Metabolite-enabled eradication of bacterial persisters by aminoglycosides

Bacterial cells can enter a dormant 'persister' state that leaves them more resistant to stress conditions, including killing by antibiotics. In a clinical setting, persister formation can lead to incomplete eradication of bacterial pathogens and treatment failure. James Collins and colleagues show that certain metabolic stimuli (including glucose and pyruvate) can increase killing of persister cells by aminoglycoside antibiotics including gentamicin. This raises the prospect that the delivery of metabolites as adjuvants to aminoglycosides could be effective in the treatment of chronic bacterial infections.
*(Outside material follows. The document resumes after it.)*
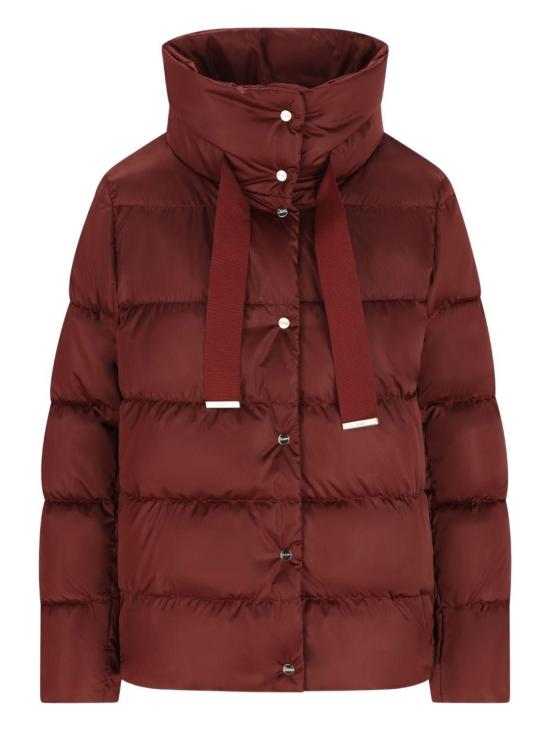 25FW 에르노 새틴 케이 다운 자켓 PI001936D 12170Z 6705 BORDEAUX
Bacterial persistence is a state in which a sub-population of dormant cells, or ‘persisters’, tolerates antibiotic treatment1,2,3,4. Bacterial persisters have been implicated in biofilms and in chronic and recurrent infections5,6,7. Despite this clinical relevance, there are currently no viable means for eradicating persisters. Here we show that specific metabolic stimuli enable the killing of both Gram-negative (Escherichia coli) and Gram-positive (Staphylococcus aureus) persisters with aminoglycosides. This potentiation is aminoglycoside-specific, it does not rely on growth resumption and it is effective in both aerobic and anaerobic conditions. It proceeds by the generation of a proton-motive force which facilitates aminoglycoside uptake. Our results demonstrate that persisters, although dormant, are primed for metabolite uptake, central metabolism and respiration. We show that aminoglycosides can be used in combination with specific metabolites to treat E. coli and S. aureus biofilms. Furthermore, we demonstrate that this approach can improve the treatment of chronic infections in a mouse urinary tract infection model. This work establishes a strategy for eradicating bacterial persisters that is based on metabolism, and highlights the importance of the metabolic environment to antibiotic treatment.